How are artists responding to the alarming technological disruptions of our age?

The gargantuan leaps forward in the development of A.I. have pushed the tone of the art-tech conversation to a fever pitch; technologists are sounding the alarm about the threat A.I. poses to human existence itself. But even before this recent turn in the discourse, the destabilizing effects of the internet and its flood of information and distractions have been giving artists ample material to work with.

At Sadie Coles HQ’s space on Davies Street, Lawrence Lek’s ultra-prescient “Black Cloud Highway 黑云高速公路” unseats the myth of technological progress in an age of artificial intelligence. Lek’s entrancing 11-minute film Black Cloud follows a lone surveillance A.I. in an abandoned city—SimBeijing, a replica of the Chinese capital built by a tech company to road-test self driving cars. It reports accidents until all other A.I.s are banished, leaving it alone in the metropolis. It then engages a self-help therapy program to help it cope.
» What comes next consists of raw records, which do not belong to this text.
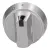 Bild: Knebel E454.00/09.7039.00 silber 9070535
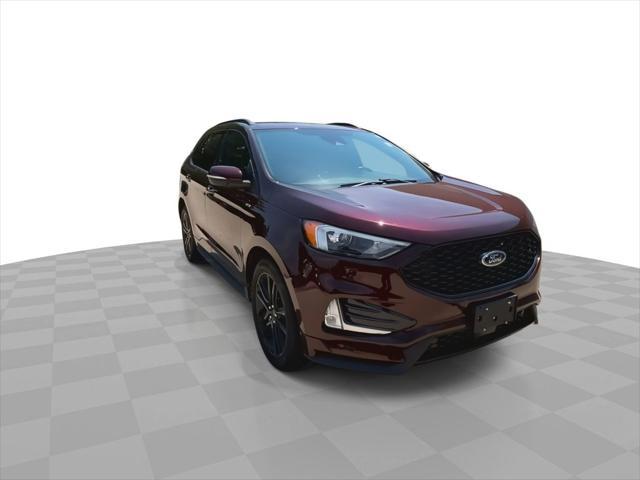 used 2020 Ford Edge car, priced at $24,647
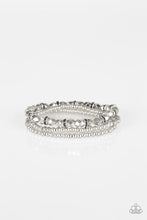 Load image into Gallery viewer, Paparazzi - Let There BEAM Light - Silver
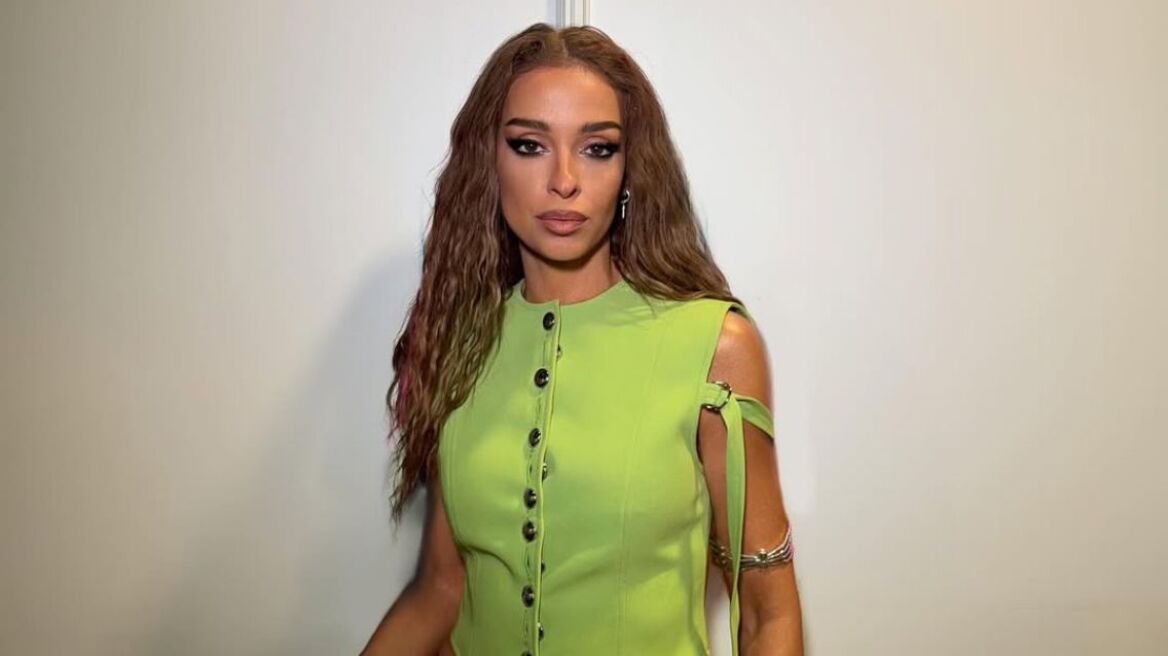 eleni foureira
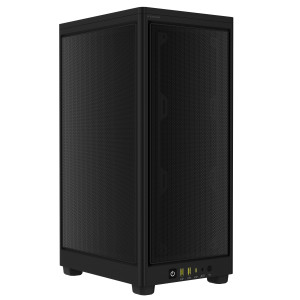 Корпус Corsair 2000D Airflow Black (CC-9011244-WW) без БЖ Корпус Corsair 2000D Airflow Black (CC-9011244-WW) без БЖ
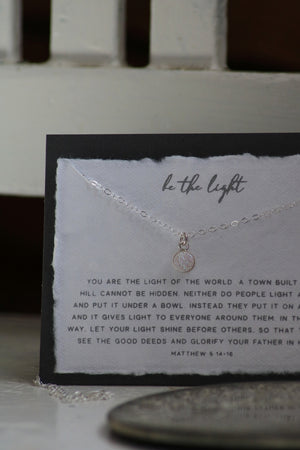 DEAR HEART SIGNITURE  Be the Light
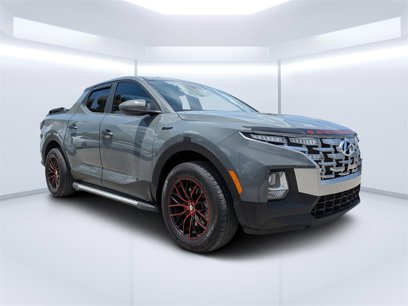 Used 2022 Hyundai Santa Cruz SEL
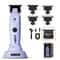 BRDCLIP X Series Professional Cordless Hair Trimmer Electric Hair Clipper With DLC Blade HighSpee 16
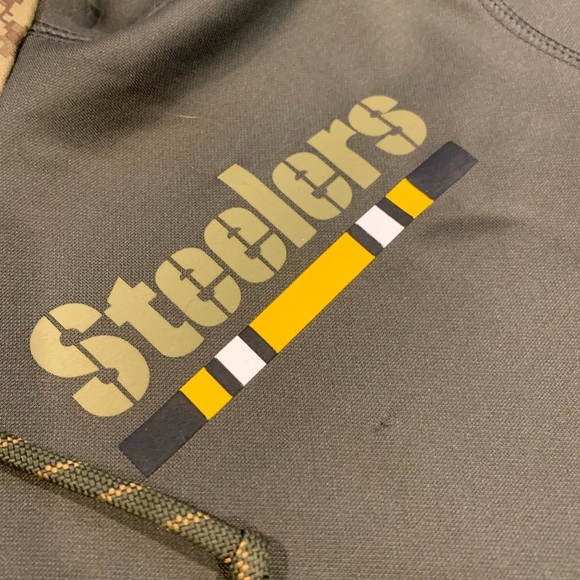 🏈 Nike Steelers Sweatshirt - Picture 3 of 5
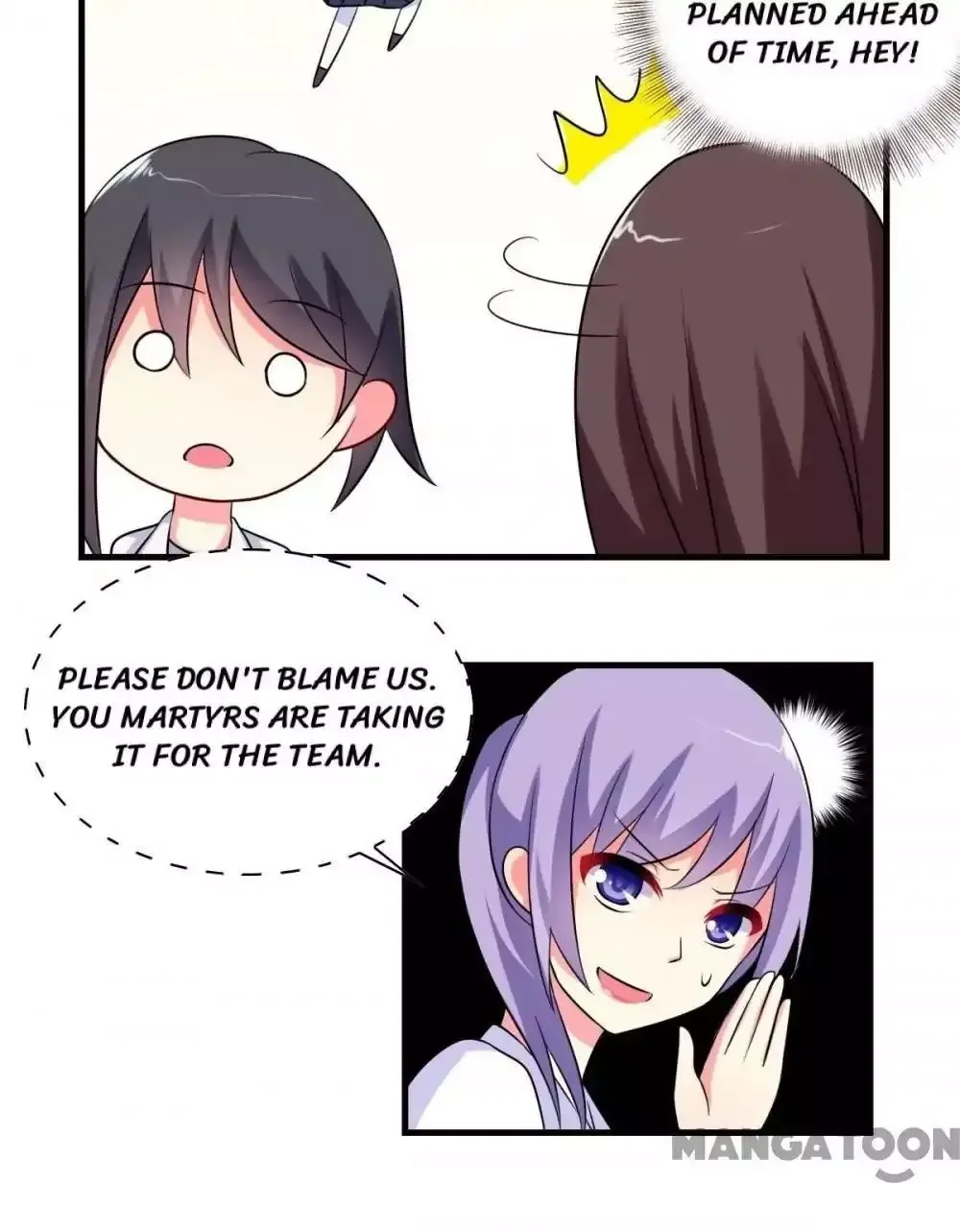 I Love BL Comics Chapter 11 page 9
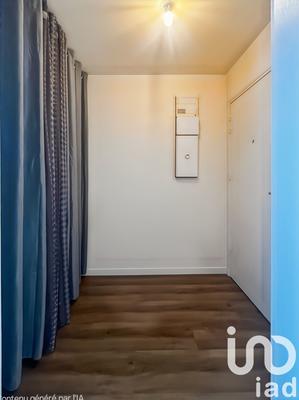 Appartement - 44 m² - 2 pièces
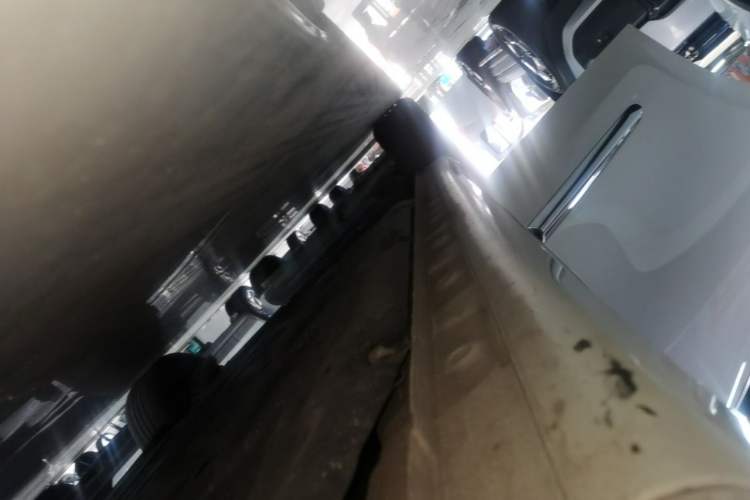 Used Wuling Bingo 2024 333 km Enjoyment Version Right Side Sill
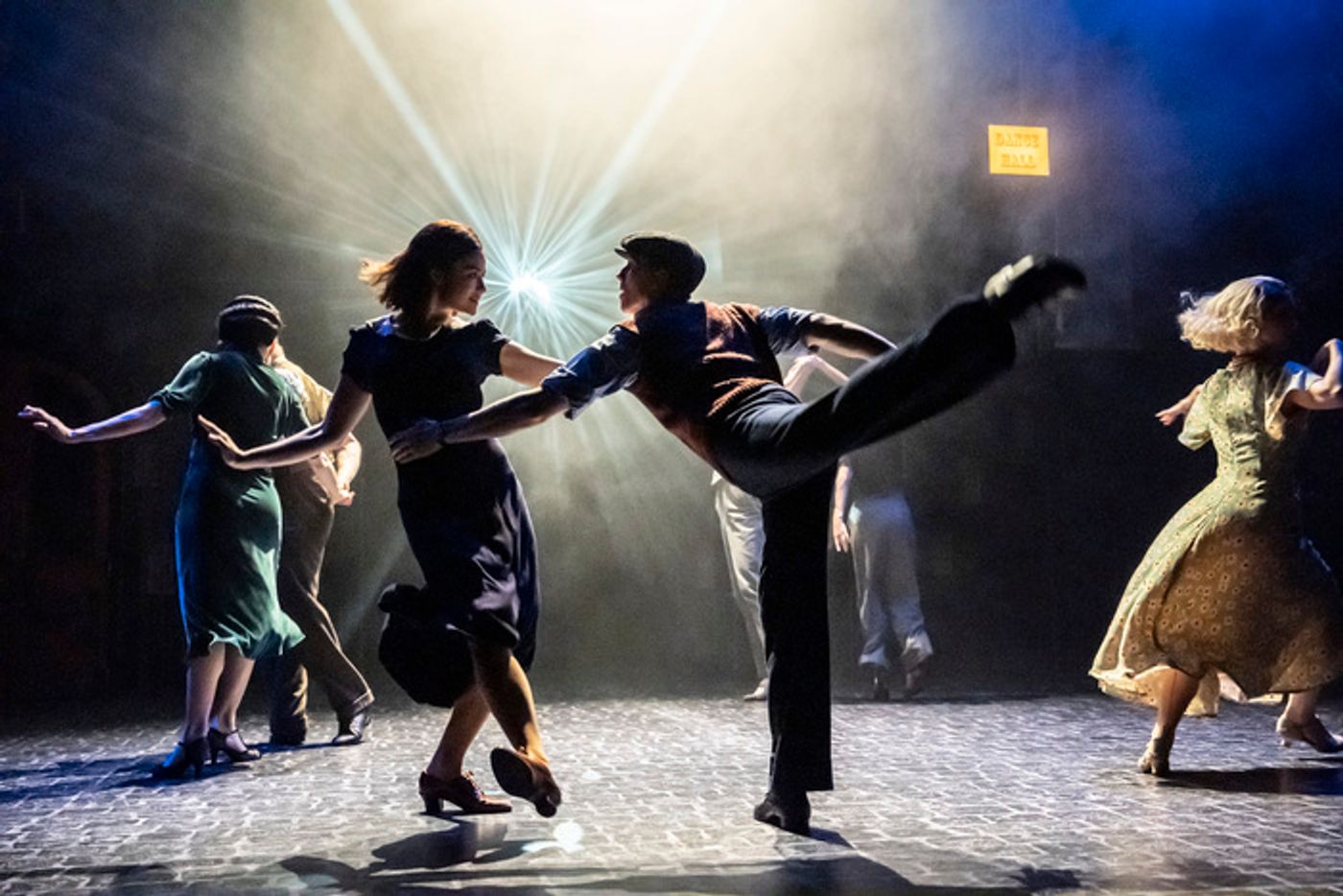 Photos: Matthew Bourne’s THE MIDNIGHT BELL At the Everyman Theatre  Image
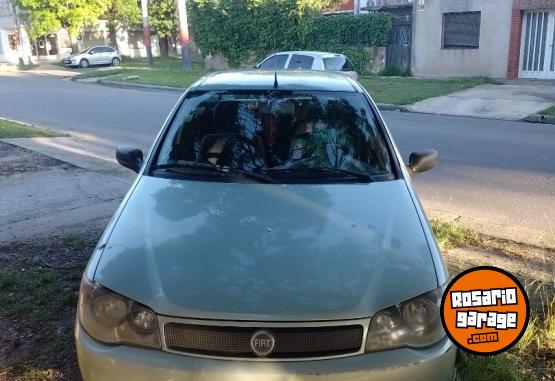 Autos - Fiat Palio fire 5p 2007 Nafta 200000Km - En Venta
The aura of post-humanity fills the viewer with dread that we are on the precipice of an abyss, a feeling aided by a thumping soundtrack by Lek and Kode9.

Lawrence Lek, <i>Black Cloud 黑云</i> [film still] (2021). ©Lawrence Lek, courtesy Sadie Coles HQ, London.

Lawrence Lek, Black Cloud 黑云 [film still] (2021). ©Lawrence Lek, courtesy Sadie Coles HQ, London.

Continuing on this theme, Maisie Cousins is showing some work made entirely using A.I. at T.J. Boulting as part of the artist’s quest to relive lost childhood memories. Nestled among real family photos are 19 glossy prints of A.I.-generated images based on memories of lost home videos of trips to an amusement park with her late grandfather. These colorful hallucinations recall Martin Parr’s saturated images of British seaside life, if they were on acid.

At Gazelli Art House, Jake Elwes’s exploration of A.I. and machine learning, “Zizi – Queering the Dataset,” disrupts standardized facial recognition technology by feeding it thousands of images of drag performers. And Machine Learning Porn (2016) exposes the warped understanding of human biology by an algorithm trained to remove explicit imagery by tasking it with creating pornographic visuals.

Maisie Cousins, Green Head (2023). Photo courtesy of T.J. Boulting.

Final thoughts

What these standout shows have in common—the abstract paintings, the intellectual provocations, the tech experimentation—is that they are all grappling with the specific difficulties of contemporary living; the isolating and scary present, the uncertainty about the future, and the inadequacy of the systems, forms, language, rules, and social mores we have available to answer to this existential nausea.

Many of these works have found a way to express this feeling, and also to propose a way through it. They express a desire for nuance, for queering and questioning labels and boxes, and for opening up space for other ways of thinking, being, and seeing that are undefined. Something Garrels said about abstraction at his Gagosian show might be extrapolated to all of these works: “At the end of the day, it’s the individuals there on their own terms, struggling to find meaning and coherence within this vast barrage of information.”

Javier Calleja, Still on Time (2023). Courtesy the artist and Almine Rech.

Javier Calleja, Still on Time (2023). Courtesy the artist and Almine Rech.

The hope is that art will return to us some sense of shared understanding about the nature of existence, the perseverance of the human spirit, and how we might sit through this difficult moment in history.

And if it all feels a little overwhelming, London Gallery Weekend has you covered too. Those in need of something to take the edge off of all this heady questioning might head over to Almine Rech, where Javier Calleja’s adorable characters offer up something of a palette cleanser.